* [Exercise details]: Word for word, restate the entries below from their first line through the line that contains "Paquete promocional 1".
(Data supplied Opens)
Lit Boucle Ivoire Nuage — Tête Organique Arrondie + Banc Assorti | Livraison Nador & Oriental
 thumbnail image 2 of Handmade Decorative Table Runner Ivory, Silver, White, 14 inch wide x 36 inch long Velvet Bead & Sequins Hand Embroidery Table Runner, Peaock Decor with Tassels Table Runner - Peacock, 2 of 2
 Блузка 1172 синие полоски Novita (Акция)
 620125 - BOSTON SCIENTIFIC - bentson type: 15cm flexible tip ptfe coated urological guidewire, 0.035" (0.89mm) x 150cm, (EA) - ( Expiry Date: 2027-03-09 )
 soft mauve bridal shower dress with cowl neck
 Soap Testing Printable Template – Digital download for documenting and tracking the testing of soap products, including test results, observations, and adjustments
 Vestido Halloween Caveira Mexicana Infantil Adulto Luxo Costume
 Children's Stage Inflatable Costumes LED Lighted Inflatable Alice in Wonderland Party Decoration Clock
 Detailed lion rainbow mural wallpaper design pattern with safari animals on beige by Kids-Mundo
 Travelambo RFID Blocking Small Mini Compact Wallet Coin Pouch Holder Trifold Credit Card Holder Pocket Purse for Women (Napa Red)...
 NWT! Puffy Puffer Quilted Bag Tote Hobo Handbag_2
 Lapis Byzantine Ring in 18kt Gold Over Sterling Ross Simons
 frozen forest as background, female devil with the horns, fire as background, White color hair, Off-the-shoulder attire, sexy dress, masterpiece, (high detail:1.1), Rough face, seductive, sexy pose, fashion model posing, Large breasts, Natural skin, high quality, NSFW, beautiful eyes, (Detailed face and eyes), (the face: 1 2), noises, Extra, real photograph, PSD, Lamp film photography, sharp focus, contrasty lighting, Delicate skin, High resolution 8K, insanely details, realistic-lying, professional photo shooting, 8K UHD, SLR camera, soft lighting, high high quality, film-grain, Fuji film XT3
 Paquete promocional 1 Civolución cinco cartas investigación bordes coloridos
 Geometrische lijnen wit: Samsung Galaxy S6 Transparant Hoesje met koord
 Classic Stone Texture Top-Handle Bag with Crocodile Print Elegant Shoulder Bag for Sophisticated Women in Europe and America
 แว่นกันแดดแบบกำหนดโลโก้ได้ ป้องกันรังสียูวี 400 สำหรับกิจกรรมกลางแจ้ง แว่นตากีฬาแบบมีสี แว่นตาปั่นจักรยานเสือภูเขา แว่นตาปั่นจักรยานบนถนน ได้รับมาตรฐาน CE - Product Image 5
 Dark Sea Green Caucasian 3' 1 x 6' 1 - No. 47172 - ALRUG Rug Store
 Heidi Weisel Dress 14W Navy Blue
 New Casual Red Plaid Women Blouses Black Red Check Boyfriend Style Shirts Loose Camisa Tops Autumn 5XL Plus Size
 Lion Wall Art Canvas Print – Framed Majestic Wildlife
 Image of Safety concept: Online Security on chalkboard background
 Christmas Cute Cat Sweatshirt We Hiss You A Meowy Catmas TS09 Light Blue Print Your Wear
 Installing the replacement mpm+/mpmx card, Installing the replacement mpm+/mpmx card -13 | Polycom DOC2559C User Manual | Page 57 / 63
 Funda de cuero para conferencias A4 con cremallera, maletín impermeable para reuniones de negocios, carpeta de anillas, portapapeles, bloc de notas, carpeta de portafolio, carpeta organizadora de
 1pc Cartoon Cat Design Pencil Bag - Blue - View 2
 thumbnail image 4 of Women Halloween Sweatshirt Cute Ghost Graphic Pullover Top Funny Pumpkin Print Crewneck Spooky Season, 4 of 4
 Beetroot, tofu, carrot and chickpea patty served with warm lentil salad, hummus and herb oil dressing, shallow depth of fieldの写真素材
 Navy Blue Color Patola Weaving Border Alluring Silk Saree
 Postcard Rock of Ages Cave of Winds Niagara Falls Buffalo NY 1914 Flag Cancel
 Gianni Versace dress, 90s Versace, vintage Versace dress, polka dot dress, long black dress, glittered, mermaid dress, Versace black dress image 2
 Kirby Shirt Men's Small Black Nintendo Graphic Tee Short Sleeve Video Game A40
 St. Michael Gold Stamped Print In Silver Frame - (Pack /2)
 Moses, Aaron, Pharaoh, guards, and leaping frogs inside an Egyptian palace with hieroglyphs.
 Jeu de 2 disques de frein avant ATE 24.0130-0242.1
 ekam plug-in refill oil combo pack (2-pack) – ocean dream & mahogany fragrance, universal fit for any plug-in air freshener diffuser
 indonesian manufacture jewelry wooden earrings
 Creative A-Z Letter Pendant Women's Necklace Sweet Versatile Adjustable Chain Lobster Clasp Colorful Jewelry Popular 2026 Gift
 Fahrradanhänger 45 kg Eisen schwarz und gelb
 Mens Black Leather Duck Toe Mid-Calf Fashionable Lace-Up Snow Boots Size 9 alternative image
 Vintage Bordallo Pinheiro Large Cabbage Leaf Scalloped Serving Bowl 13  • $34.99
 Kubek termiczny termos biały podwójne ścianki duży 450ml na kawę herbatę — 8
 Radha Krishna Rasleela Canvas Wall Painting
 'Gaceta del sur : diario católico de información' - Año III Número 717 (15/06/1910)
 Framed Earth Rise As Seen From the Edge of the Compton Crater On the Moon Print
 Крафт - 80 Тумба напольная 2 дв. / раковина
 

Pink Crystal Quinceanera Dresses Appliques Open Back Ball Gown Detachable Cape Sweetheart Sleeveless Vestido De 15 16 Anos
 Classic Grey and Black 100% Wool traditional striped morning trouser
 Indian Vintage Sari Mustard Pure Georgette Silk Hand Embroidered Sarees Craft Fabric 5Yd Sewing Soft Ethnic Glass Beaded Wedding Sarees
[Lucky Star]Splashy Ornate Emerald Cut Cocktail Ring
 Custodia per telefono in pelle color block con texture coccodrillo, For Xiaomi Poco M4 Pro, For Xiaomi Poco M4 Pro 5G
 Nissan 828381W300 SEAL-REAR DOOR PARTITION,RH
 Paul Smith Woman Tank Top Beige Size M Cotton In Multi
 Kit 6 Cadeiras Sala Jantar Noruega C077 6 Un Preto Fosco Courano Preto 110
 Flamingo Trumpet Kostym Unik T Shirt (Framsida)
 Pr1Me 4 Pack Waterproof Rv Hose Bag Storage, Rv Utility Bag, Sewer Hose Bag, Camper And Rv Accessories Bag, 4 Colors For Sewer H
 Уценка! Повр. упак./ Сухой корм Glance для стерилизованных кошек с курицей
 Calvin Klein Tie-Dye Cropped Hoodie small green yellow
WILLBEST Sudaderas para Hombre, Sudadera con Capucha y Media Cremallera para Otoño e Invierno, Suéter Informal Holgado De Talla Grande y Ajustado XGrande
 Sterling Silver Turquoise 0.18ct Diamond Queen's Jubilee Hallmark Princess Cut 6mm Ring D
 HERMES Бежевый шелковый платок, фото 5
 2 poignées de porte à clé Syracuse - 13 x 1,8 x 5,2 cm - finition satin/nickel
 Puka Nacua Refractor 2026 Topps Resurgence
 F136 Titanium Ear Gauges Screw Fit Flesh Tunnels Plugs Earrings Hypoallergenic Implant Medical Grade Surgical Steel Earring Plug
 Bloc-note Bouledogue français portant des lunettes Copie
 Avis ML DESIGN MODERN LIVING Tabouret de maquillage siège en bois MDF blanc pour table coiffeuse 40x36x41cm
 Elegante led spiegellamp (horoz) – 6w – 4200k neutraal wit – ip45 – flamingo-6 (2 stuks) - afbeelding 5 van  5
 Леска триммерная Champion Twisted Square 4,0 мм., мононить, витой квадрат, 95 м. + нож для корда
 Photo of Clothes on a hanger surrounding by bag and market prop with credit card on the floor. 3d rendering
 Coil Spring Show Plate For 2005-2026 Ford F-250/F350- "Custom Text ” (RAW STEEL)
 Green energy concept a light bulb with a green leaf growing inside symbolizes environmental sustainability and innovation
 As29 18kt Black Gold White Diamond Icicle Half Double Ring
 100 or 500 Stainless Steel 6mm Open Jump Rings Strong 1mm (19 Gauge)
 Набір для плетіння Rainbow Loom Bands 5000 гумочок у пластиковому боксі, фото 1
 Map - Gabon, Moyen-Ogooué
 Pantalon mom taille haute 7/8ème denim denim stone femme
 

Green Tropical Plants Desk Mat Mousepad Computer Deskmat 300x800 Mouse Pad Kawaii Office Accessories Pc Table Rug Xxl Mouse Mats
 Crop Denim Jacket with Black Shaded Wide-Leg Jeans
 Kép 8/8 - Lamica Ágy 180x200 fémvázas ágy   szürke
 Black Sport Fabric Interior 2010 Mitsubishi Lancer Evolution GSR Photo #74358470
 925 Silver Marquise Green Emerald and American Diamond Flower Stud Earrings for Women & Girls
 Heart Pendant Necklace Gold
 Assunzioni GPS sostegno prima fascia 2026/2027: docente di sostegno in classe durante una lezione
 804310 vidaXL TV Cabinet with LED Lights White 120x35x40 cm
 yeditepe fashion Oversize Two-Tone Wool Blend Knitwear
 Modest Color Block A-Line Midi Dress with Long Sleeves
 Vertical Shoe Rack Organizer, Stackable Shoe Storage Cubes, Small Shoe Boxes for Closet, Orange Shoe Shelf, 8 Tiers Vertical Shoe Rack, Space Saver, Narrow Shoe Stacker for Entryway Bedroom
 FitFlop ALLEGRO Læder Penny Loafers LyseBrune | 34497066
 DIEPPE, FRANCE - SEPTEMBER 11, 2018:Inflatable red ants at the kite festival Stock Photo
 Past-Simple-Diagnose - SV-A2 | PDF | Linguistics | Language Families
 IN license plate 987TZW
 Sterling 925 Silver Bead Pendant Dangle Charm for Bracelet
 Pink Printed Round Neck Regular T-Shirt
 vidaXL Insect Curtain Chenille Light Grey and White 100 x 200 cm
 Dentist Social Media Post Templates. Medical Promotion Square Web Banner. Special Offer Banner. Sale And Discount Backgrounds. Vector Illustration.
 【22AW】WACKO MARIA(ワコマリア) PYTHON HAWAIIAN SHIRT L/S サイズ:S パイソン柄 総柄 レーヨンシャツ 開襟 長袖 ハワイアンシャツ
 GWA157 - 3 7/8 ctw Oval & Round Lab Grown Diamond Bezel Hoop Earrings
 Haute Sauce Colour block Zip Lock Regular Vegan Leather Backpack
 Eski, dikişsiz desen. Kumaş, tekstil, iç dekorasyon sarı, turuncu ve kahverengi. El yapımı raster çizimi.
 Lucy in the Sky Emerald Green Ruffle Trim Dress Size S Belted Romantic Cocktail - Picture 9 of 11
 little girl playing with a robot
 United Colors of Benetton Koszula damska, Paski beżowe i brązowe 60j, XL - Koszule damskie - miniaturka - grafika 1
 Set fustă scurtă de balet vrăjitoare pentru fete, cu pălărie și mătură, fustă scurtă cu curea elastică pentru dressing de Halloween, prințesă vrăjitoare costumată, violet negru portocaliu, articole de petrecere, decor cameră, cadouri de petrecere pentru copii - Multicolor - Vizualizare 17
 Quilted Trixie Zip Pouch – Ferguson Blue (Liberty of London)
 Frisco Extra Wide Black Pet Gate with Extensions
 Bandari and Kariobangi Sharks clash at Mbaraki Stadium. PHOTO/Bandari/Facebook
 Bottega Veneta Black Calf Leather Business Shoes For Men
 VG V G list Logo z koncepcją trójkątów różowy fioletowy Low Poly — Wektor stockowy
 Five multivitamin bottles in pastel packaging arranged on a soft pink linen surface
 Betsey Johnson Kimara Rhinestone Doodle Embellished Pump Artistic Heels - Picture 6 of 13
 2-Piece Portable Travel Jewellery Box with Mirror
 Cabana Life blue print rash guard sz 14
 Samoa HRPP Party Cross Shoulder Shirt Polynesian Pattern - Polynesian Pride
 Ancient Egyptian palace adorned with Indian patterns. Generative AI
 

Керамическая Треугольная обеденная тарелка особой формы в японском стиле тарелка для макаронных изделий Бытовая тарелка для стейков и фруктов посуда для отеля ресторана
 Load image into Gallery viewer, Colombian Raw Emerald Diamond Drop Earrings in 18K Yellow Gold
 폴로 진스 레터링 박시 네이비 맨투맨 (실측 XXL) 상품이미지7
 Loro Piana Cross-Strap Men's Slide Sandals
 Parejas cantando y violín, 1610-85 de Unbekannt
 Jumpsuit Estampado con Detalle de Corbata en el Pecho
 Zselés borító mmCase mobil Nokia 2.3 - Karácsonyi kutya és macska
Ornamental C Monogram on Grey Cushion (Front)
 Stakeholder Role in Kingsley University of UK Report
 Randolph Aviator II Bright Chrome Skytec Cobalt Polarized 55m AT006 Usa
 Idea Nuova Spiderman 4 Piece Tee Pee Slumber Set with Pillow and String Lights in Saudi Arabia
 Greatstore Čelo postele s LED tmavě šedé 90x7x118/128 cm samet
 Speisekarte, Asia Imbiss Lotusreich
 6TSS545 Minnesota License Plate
(Data supplied Closes)
* [Task result]:
Lit Boucle Ivoire Nuage — Tête Organique Arrondie + Banc Assorti | Livraison Nador & Oriental
 thumbnail image 2 of Handmade Decorative Table Runner Ivory, Silver, White, 14 inch wide x 36 inch long Velvet Bead & Sequins Hand Embroidery Table Runner, Peaock Decor with Tassels Table Runner - Peacock, 2 of 2
 Блузка 1172 синие полоски Novita (Акция)
 620125 - BOSTON SCIENTIFIC - bentson type: 15cm flexible tip ptfe coated urological guidewire, 0.035" (0.89mm) x 150cm, (EA) - ( Expiry Date: 2027-03-09 )
 soft mauve bridal shower dress with cowl neck
 Soap Testing Printable Template – Digital download for documenting and tracking the testing of soap products, including test results, observations, and adjustments
 Vestido Halloween Caveira Mexicana Infantil Adulto Luxo Costume
 Children's Stage Inflatable Costumes LED Lighted Inflatable Alice in Wonderland Party Decoration Clock
 Detailed lion rainbow mural wallpaper design pattern with safari animals on beige by Kids-Mundo
 Travelambo RFID Blocking Small Mini Compact Wallet Coin Pouch Holder Trifold Credit Card Holder Pocket Purse for Women (Napa Red)...
 NWT! Puffy Puffer Quilted Bag Tote Hobo Handbag_2
 Lapis Byzantine Ring in 18kt Gold Over Sterling Ross Simons
 frozen forest as background, female devil with the horns, fire as background, White color hair, Off-the-shoulder attire, sexy dress, masterpiece, (high detail:1.1), Rough face, seductive, sexy pose, fashion model posing, Large breasts, Natural skin, high quality, NSFW, beautiful eyes, (Detailed face and eyes), (the face: 1 2), noises, Extra, real photograph, PSD, Lamp film photography, sharp focus, contrasty lighting, Delicate skin, High resolution 8K, insanely details, realistic-lying, professional photo shooting, 8K UHD, SLR camera, soft lighting, high high quality, film-grain, Fuji film XT3
 Paquete promocional 1 Civolución cinco cartas investigación bordes coloridos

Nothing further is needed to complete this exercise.